The evidence is wholly uncertain as to what became of the books after they were first produced. We have searched the record in vain to determine, if possible, what disposition was made of them, and can conclude only that no one knows. The trustee demanded the books; they were produced at the hearing; the record is wholly silent as to whether, thereafter, they remained in the trustee’s possession or were returned to the debtor. The trustee could not find them. The trustee’s attorney could not locate them. The bankrupt testified that he never saw them after he produced them at the hearing, and no other witness was able to throw any light upon their whereabouts.
This uncertain state of facts does not justify a finding that the debtor has violated the statute in the particular complained of in the specification under consideration. Provisions of the bankruptcy act relating to the discharge are to be construed liberally toward the bankrupt, and he should be discharged unless the statutory objection is made out clearly. The proof before us does not constitute a clear showing that the bankrupt has failed to comply with the statute.

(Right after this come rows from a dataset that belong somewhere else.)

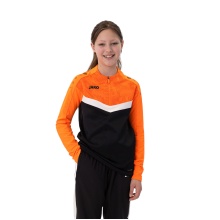 JAKO Langarmshirt Ziptop Iconic (angenehmer Tragekomfort) schwarz/neonorange Kinder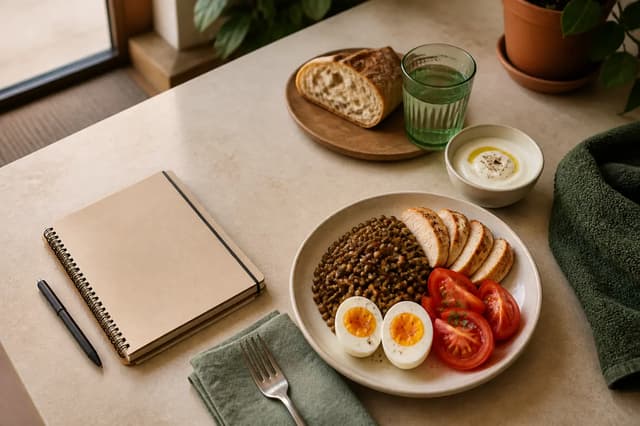 Comida con lentejas, huevo, pollo, yogur y pan junto a una libreta y una toalla de entrenamiento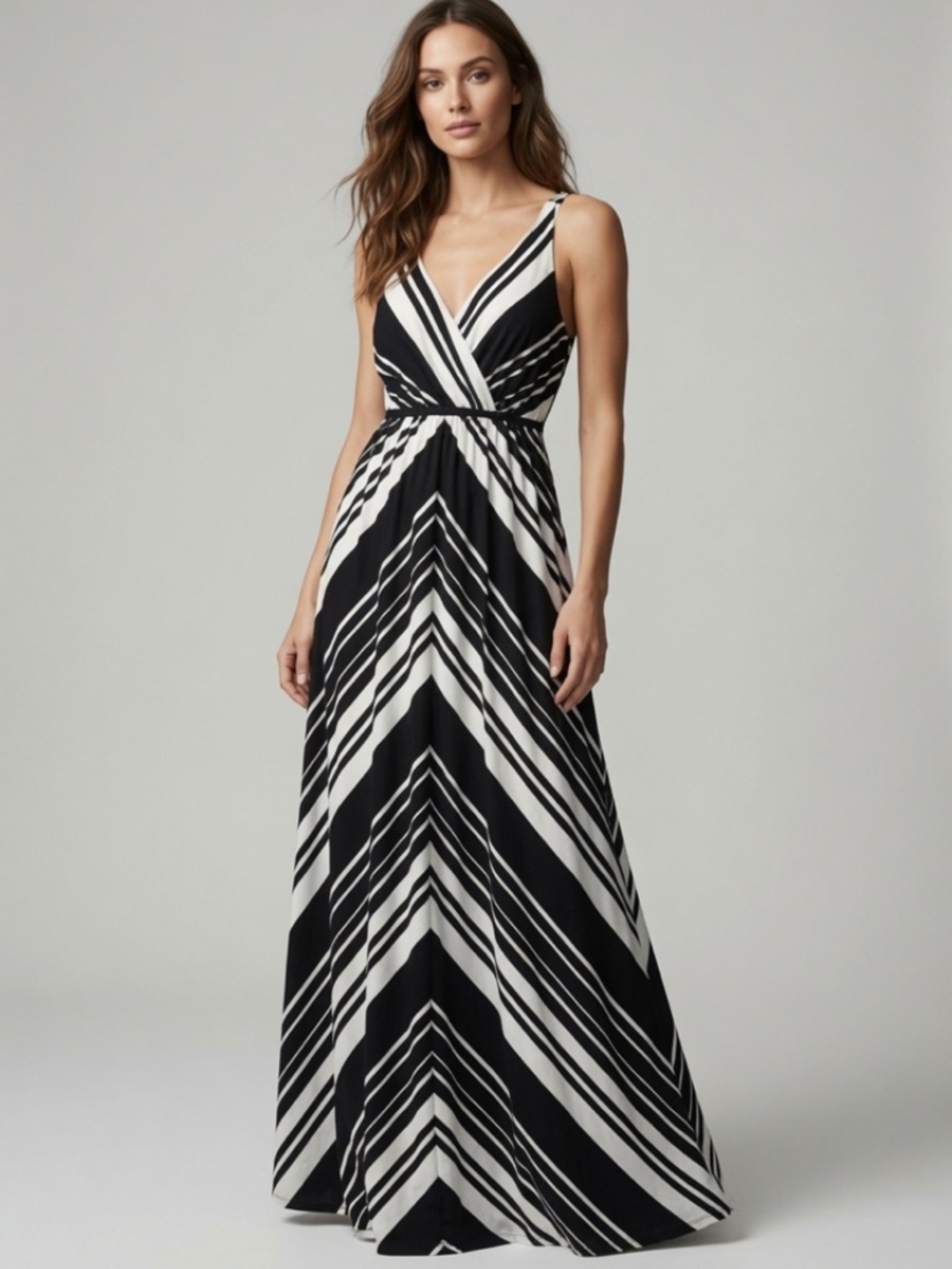 Soma Black Ivory Striped Maxi Dress XS Empire V-Neck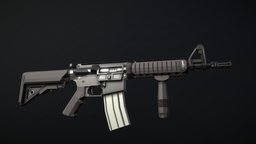 Low-Poly Mk18 Mod0 m4, carbine, ar-15, special-forces, mk18, mk-18, cqbr, 556x45, lowpoly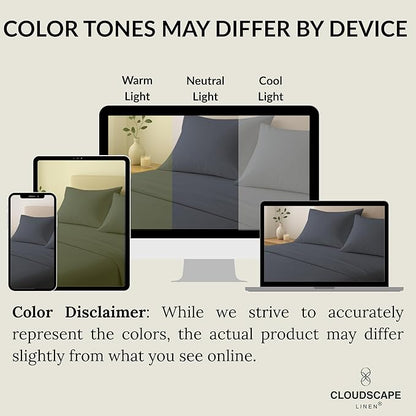 Cloud Scape Linen 100% Egyptian Cotton Sheets Twin Size, 3 Pieces Luxury Bedding Set, 400 Thread Count,Hotel Quality, Silky Soft, Breathable and Durable, Deep Pockets up to 15, Charcoal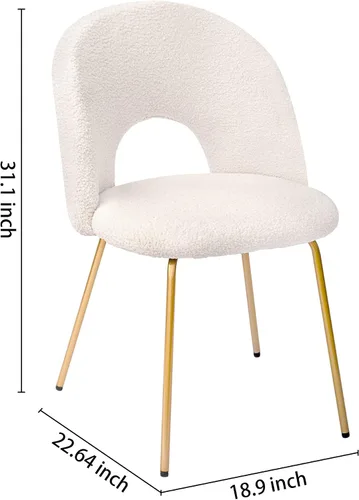 Vista 3 de CangLong Juego de 2 sillas de comedor de terciopelo con patas de metal para sala de estar, cocina, color blanco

The proof upon the second specification is of no more satisfactory character. This objection is grounded upon the fact that there is a discrepancy of some $19,000 between a financial statement made by the bankrupt in May, 1935, and his statement of assets and liabilities contained in his schedules, some four and a half months later. In- other words, there is no direct evidence that the debtor has concealed any of his property, or that the apparent deficiency is one in fact or, if real, was caused by any illegal act upon his part.
Approximately $5,500 of this difference is due, according to the undisputed evidence, to uncollectible accounts receivable or bad debts. The evidence indicates rather clearly that the business of jobbing dresses is sharply controlled by the seasons; that during the period in question bad weather interfered with sales; that in order to dispose of his merchandise the bankrupt was forced to sell at a loss; that his creditors were pushing him; that he gave them postdated checks and took substantial losses on sales, due to the unseasonable weather, in order to procure funds to meet the checks as they matured. He testified that his purchases totaled $48,000 in 1935, and his sales $52,000, but that his expenses and losses were approximately $21,000.
If this testimony be true, the debtor should not be denied his discharge because of an alleged unexplained discrepancy. It is argued that the circumstances are such as to destroy his credibility, but the referee, before whom he testified and who had the opportunity of observing him upon the witness stand, concluded that he had made a reasonable explanation and that the specifications should not be sustained, saying that no adequate or substantial proof had been submitted.
We have examined the evidence and we are of the opinion that his conclusion was correct, and, there being an absence of clear proof sustaining the objections, that the discharge should be granted. Accordingly, the. order of the District Court .is reversed, with-directions to proceed in accord with this decision.